Consider the exponential family $f(x;\theta) = c(\theta)\exp\{b(\theta) T(x))\}h(x)$ and I would like to find a UMP test for
$$H_0: \theta \leq 0\quad \hbox{vs}\quad H_1: \theta > 0.$$
It is madotory in all books: Two steps. First, we fix $\theta_0 = 0$ and take $\theta_1 > \theta_0 = 0$. That is, first we have to find a test $\phi$ for
\begin{equation} H_0: \theta = 0\quad \hbox{vs}\quad H_1: \theta = \theta_1 \quad \quad (1) \end{equation}
and we have to show that $\phi$ does not depend on $\theta_1$. This the first step and I do not to describe the second step beacause I don't have problems with its procedure.

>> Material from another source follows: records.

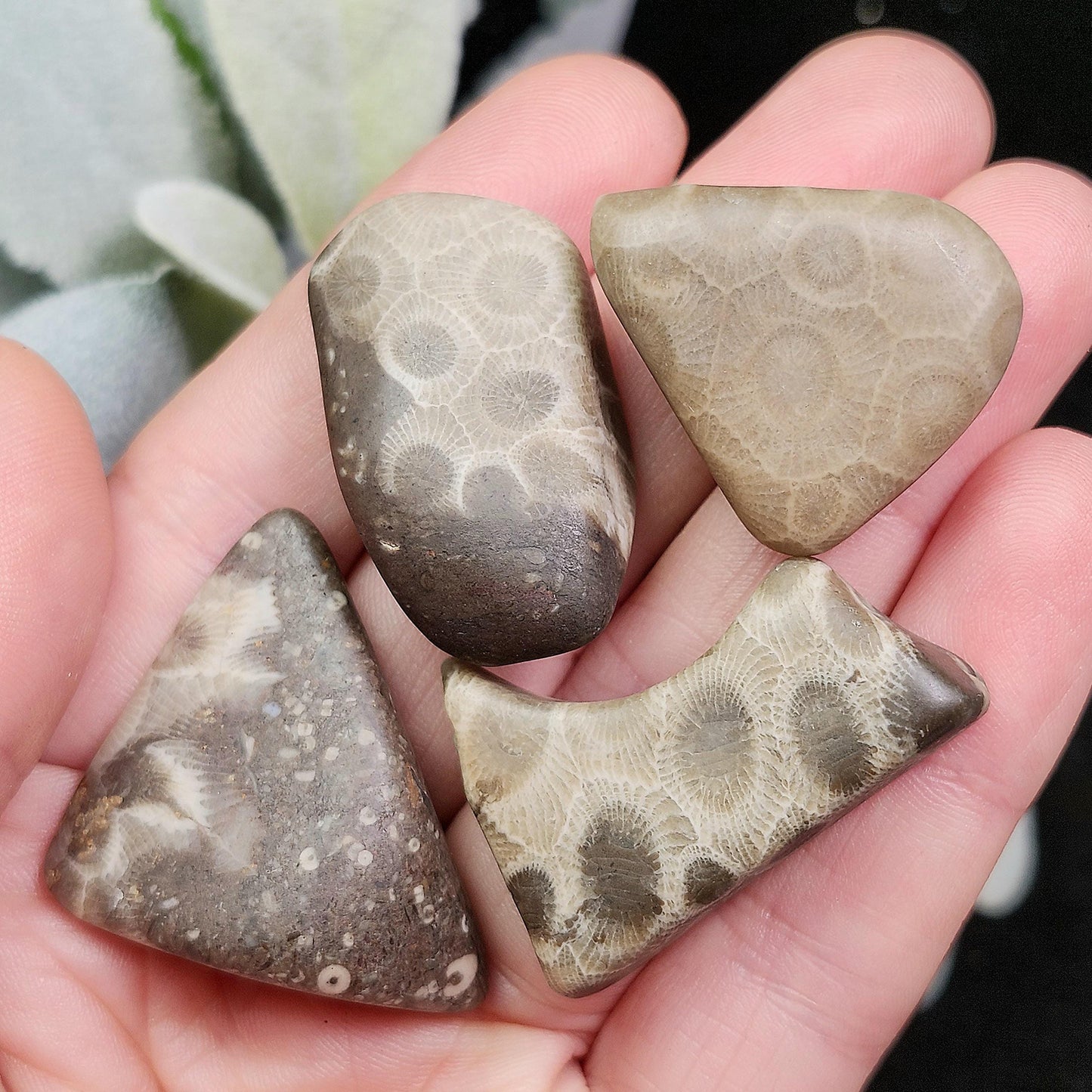 Petoskey Stone (10 to 15 grams) Polished Specimens from Michigan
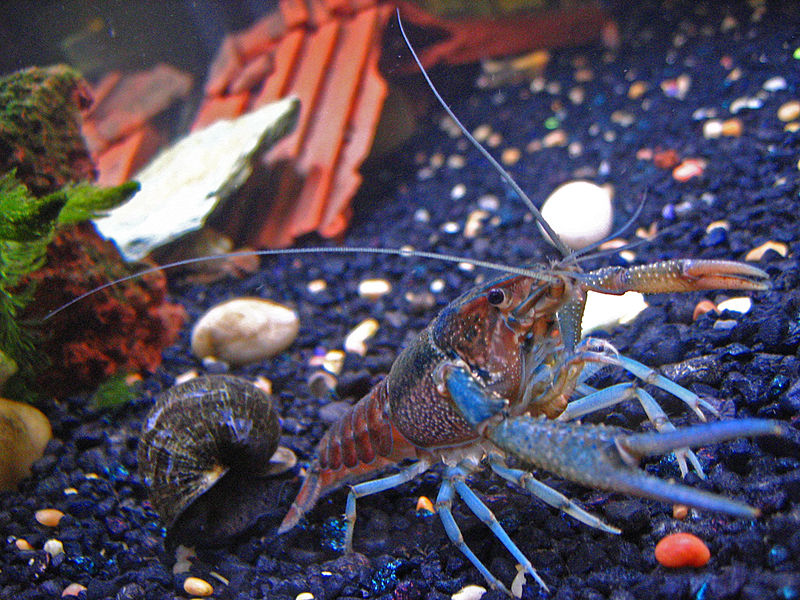 Crayfish in aquarium with Apple Snail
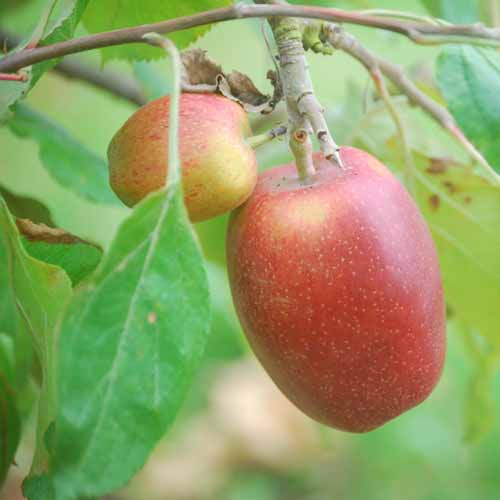 Smart's Prince Arthur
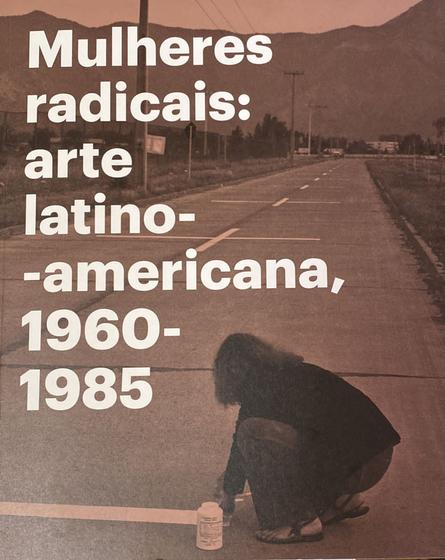 Imagem de Mulheres radicais: arte latino-americana, 1960-1985 - Pinacoteca de São Paulo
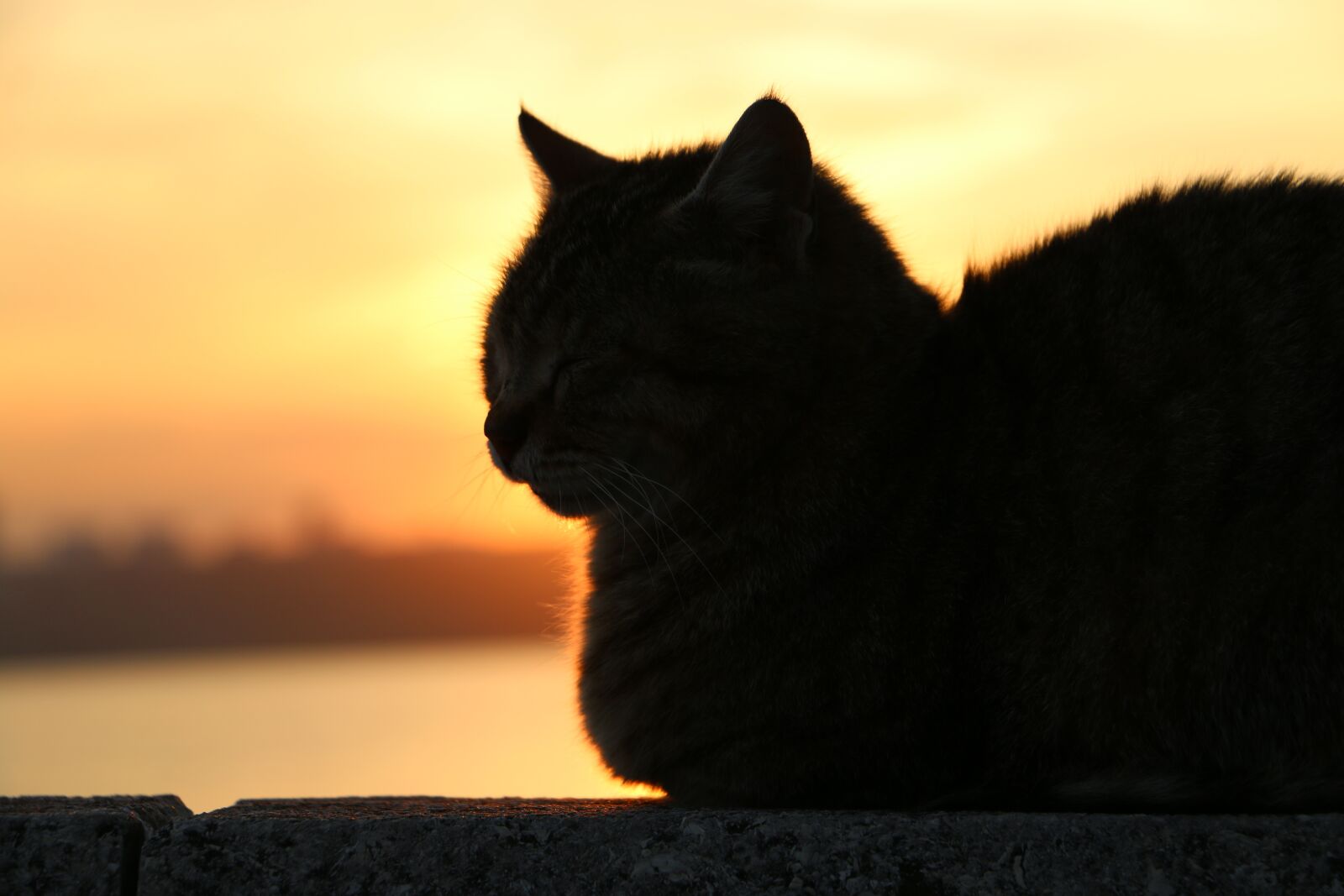 Canon EOS 70D sample photo. Cat, sunset, animal photography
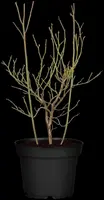 Vaccinium corymbosum 'Pink Lemonade' (Trosbosbes 'Pink Lemonade') - afbeelding 3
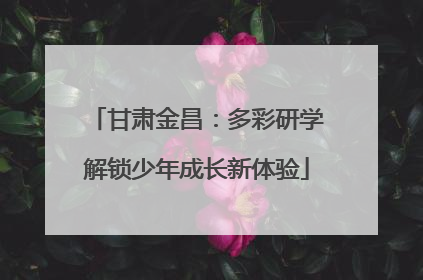 甘肃金昌：多彩研学解锁少年成长新体验
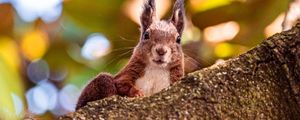 Preview wallpaper squirrel, glance, animal, brown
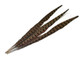 Brown stripe pattern slim pheasant feathers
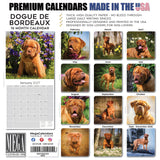 Dogue de Bordeaux Wall Calendar 2027 - 12" x 12" Monthly Powerful French Mastiff & Wrinkled Bordeaux Dog Calendar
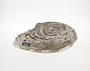 Siliceous concretion
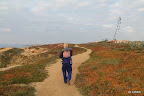 Mooie kleuren in de vetplanten in de duinen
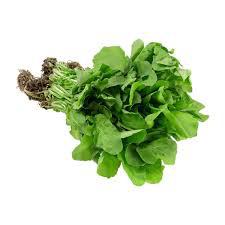 RUCULA IN NATURA JFC 1UN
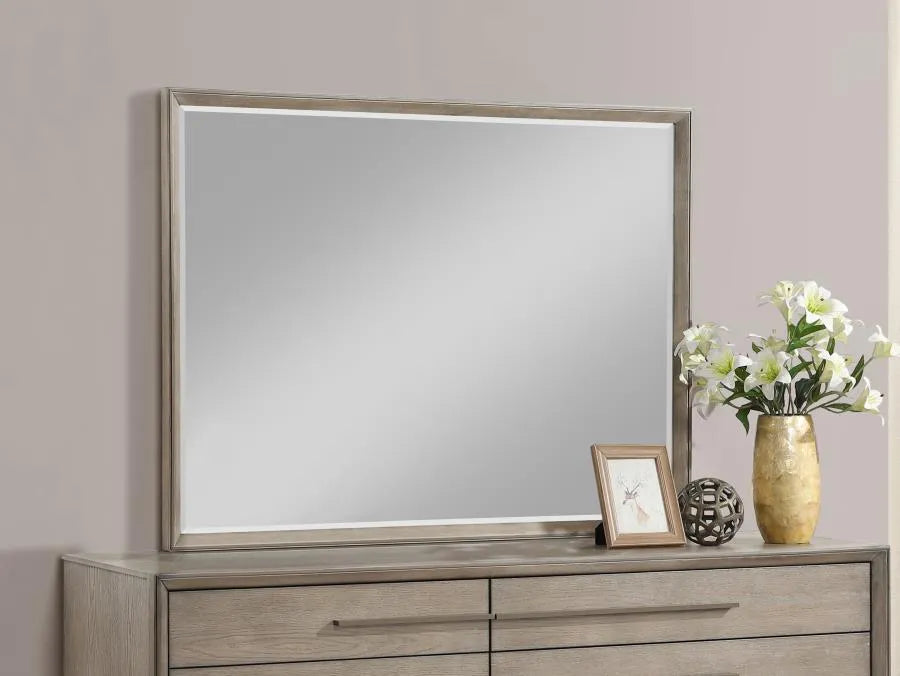 Durango Washed Oak 8-drawer Dresser Mirror by Coaster at Eve Furniture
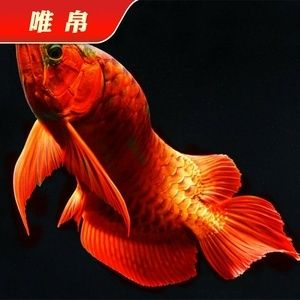 金龍魚紅龍魚藍底龍魚哪個便宜：金龍魚、紅龍魚和藍底龍魚價格差異取決于多個因素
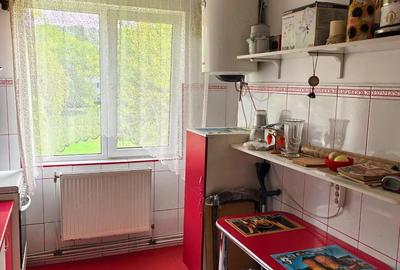 Apartament cu 3 camere semidecomandat în Petros - 9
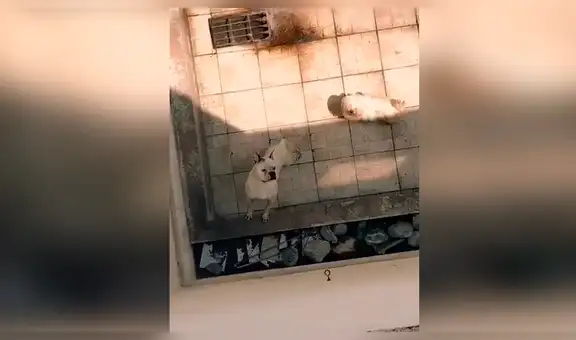 Joven rescata a perros abandonados por su vecino y les brinda un nuevo hogar [VIDEO] 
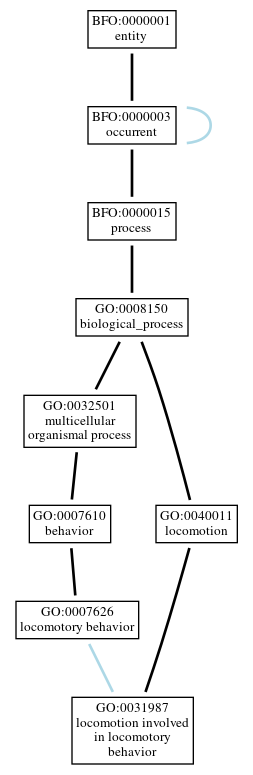 Graph of GO:0031987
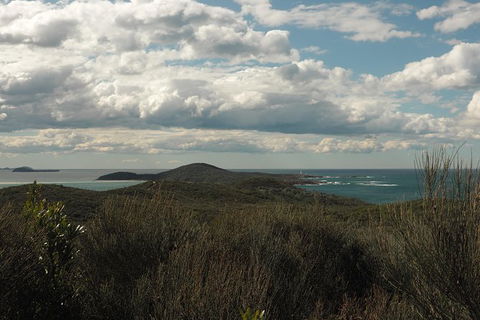 Boulder Bay Half Day Guided Walk - Brisbane 4u 1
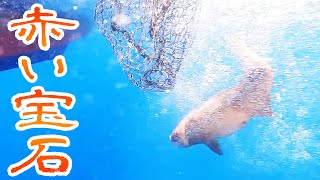【水中映像】赤い宝石を釣りました【もりもりさんに大漁旗をプレゼント 後編】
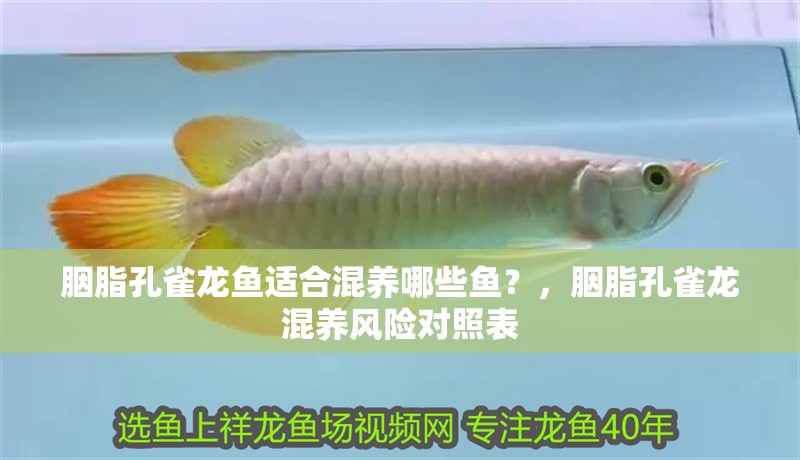 胭脂孔雀龍魚適合混養哪些魚?,胭脂孔雀龍混養風險對照表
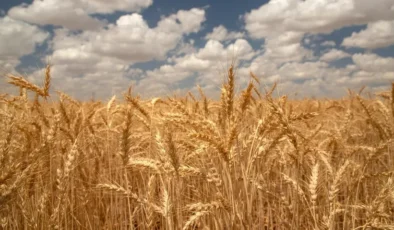Buğdayda gümrük vergisi tekrar yüzde 130’a çıkıyor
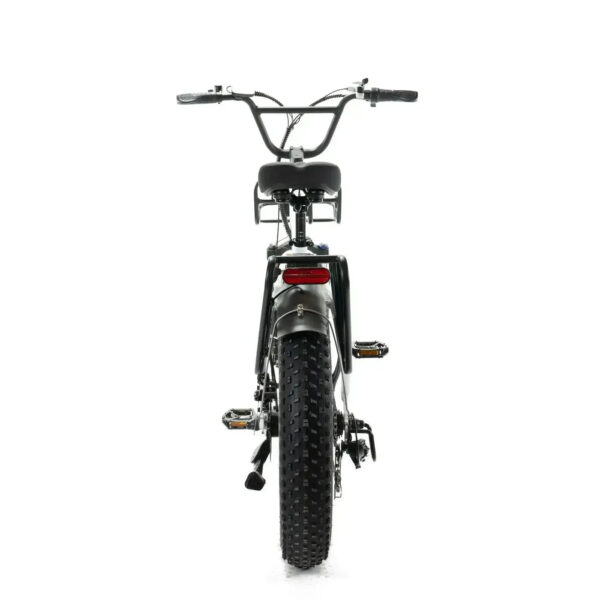 Family-Deal! | ENGWE L20 - Wit fatbike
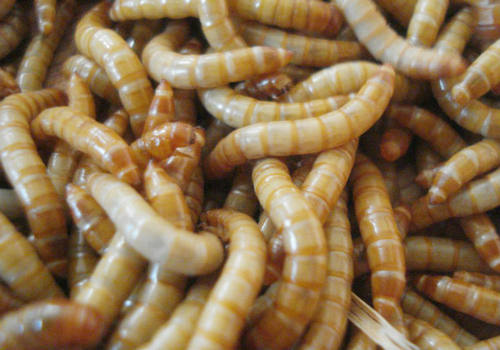 大麦虫活虫500g鲜活面包虫黄粉虫金龙鱼饲料活体画眉鸟八哥食虫子 - 图2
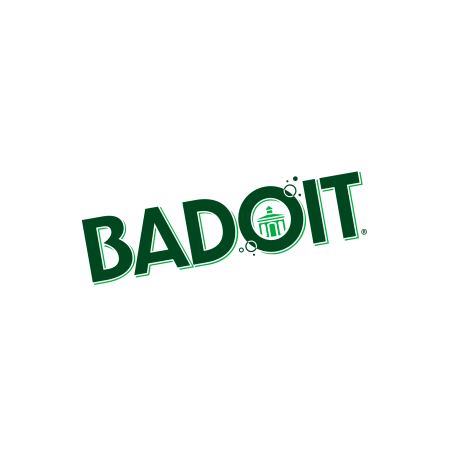 Eau gazeuse Badoit citron vert – Carton de 30 * 0.5 litre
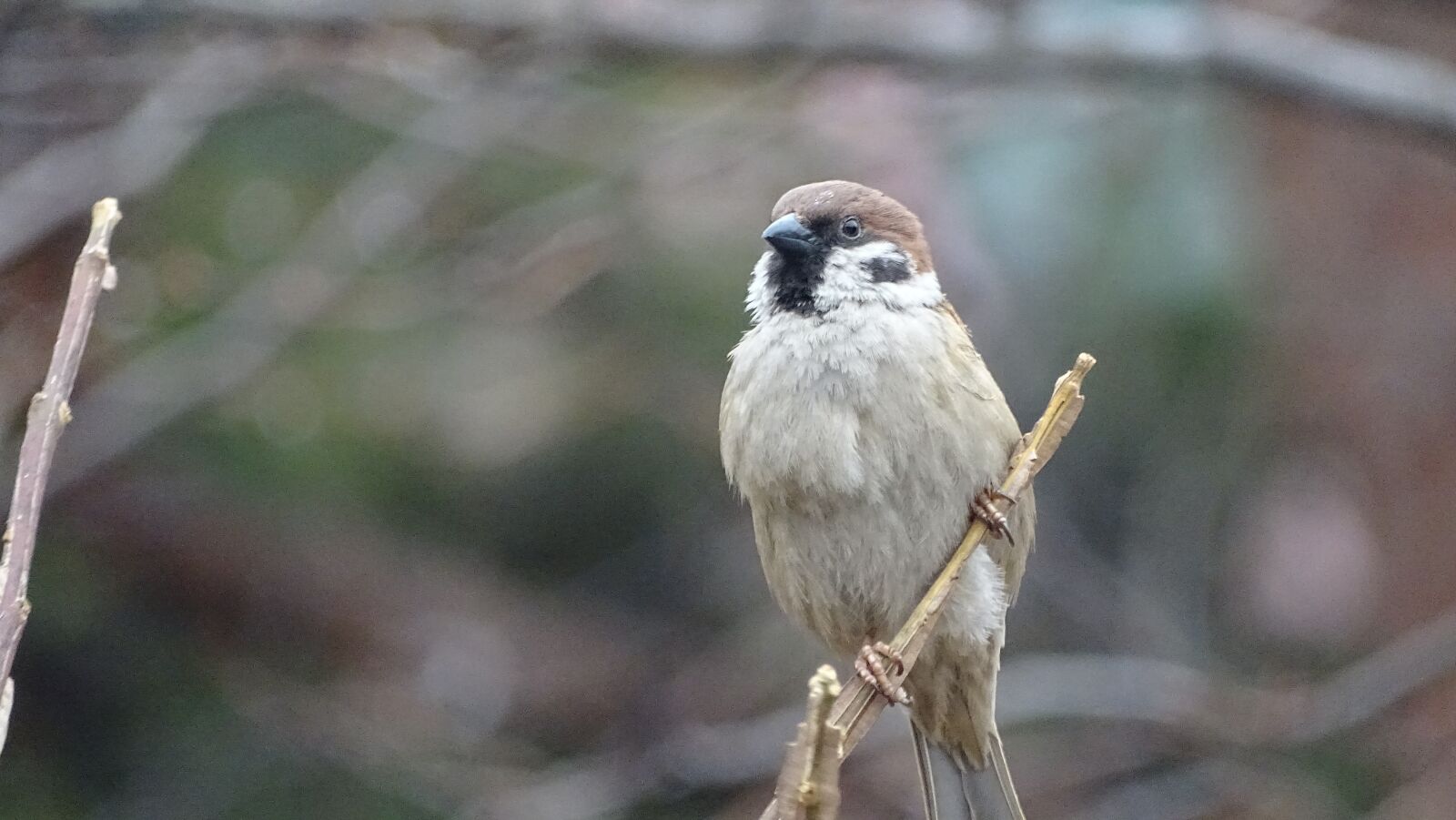 Sony Cyber-shot DSC-HX400V sample photo. Wildlife, nature, new photography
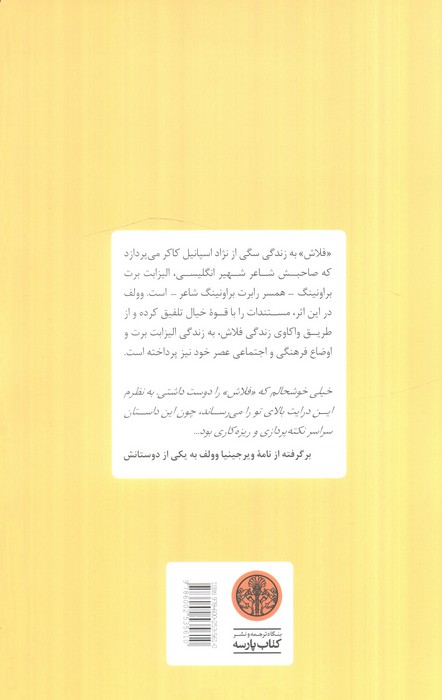 فلاش (یک سرگذشت)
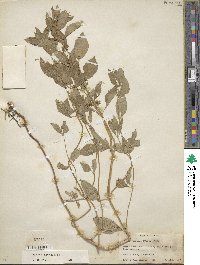 Mentha canadensis image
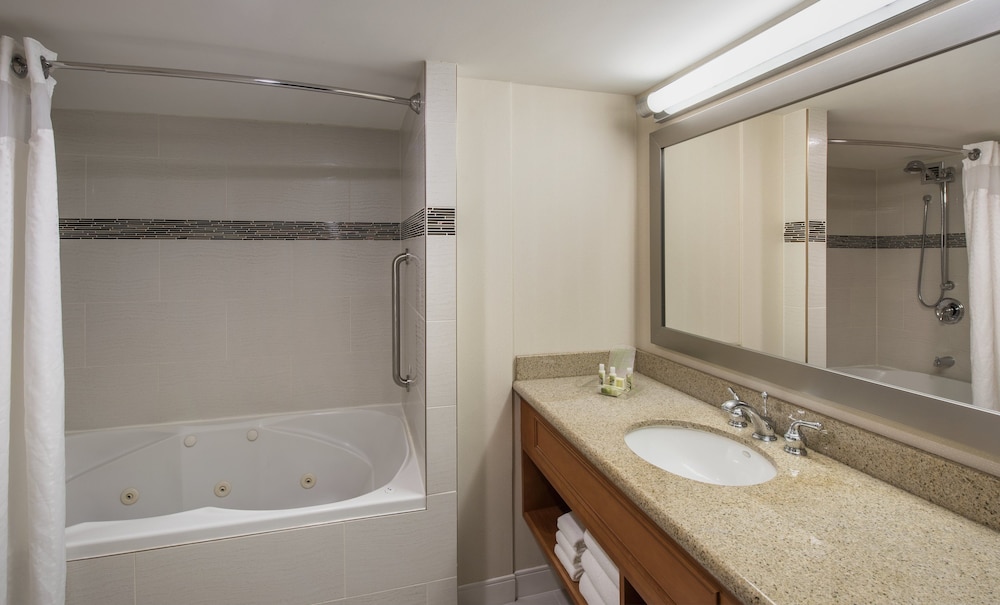 Suite, 1 Bedroom, City View (1 King Bed, Living/Dining Area)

For the hypothesis test $(1)$, by Neyman–Pearson theorem, there is some $k>0$ such that
$$\phi(x) = \left\{ \begin{array}{lr} 1 & : f(x;0)k < f(x;\theta_1) \\ 0 & : f(x;0)k > f(x;\theta_1) \end{array} \right.$$
$$E[\phi(X)] = 0.01$$
is a UMP teste with size $0.01$. But, we can do
\begin{equation} \begin{split} f(x;0)k < f(x;\theta_1) & \Longleftrightarrow k< \frac{c(\theta_1)}{c(0)}\exp\{T(x) (b(\theta_1) - b(0))\}\\ & \Longleftrightarrow T(x)> \frac{\ln(k\frac{c(0)}{c(\theta_1)})}{(b(\theta_1) - b(0))}:= \tilde{k}(\theta_1,k)\\ & \Longleftrightarrow T(x)> \tilde{k}(\theta_1,k) \end{split} \end{equation}
And
$$E[\phi(X)] = 0.01 \implies \tilde{k}(\theta_1,k) = F^{-1}_{T}(0.99 | \theta = 0) = q_0(0.99)$$
That is $\tilde{k}(\theta_1,k)$ depends only on the null hypothesis $\theta_0 = 0$ and $0.99$. In other words, $\tilde{k}(\theta_1,k)$ is constan in the first stage. If I look at the test with this expression:
$$\phi(x) = \left\{ \begin{array}{lr} 1 & : T(x) > q_0 (\theta, 0.99) \\ 0 & : T(x) < q_0 (\theta, 0.99) \end{array} \right.$$
I can fully understand that this test does not depend on $\theta_1$, because $q_0 (\theta, 0.99)$ has nothing to do with $\theta_1$. But looking at this,
$$ \frac{\ln(k\frac{c(0)}{c(\theta_1)})}{(b(\theta_1) - b(0))} = q (\theta, 0.99) $$
I can not understand how I can keep $k$ fixed so that if I change $\theta_1$ by $\theta_1^{'}$ I still have exactly the same test $\phi(x) = \left\{ \begin{array}{lr} 1 & : f(x;0)k < f(x;\theta_1^{'}) \\ 0 & : f(x;0)k > f(x;\theta_1^{'}) \end{array} \right.$ In the sense of being exactly equal to $\phi(x) = \left\{ \begin{array}{lr} 1 & : f(x;0)k < f(x;\theta_1) \\ 0 & : f(x;0)k > f(x;\theta_1) \end{array} \right.$
Since if I really want to state that this test does not depend on $\theta_1> 0$, I have to keep $k$ fixed, in case I want to change to a $ \theta_{1}^{'}> 0 $. Am I confusing the true meaning of the expression "The test will not depend on $ \theta_1>0$?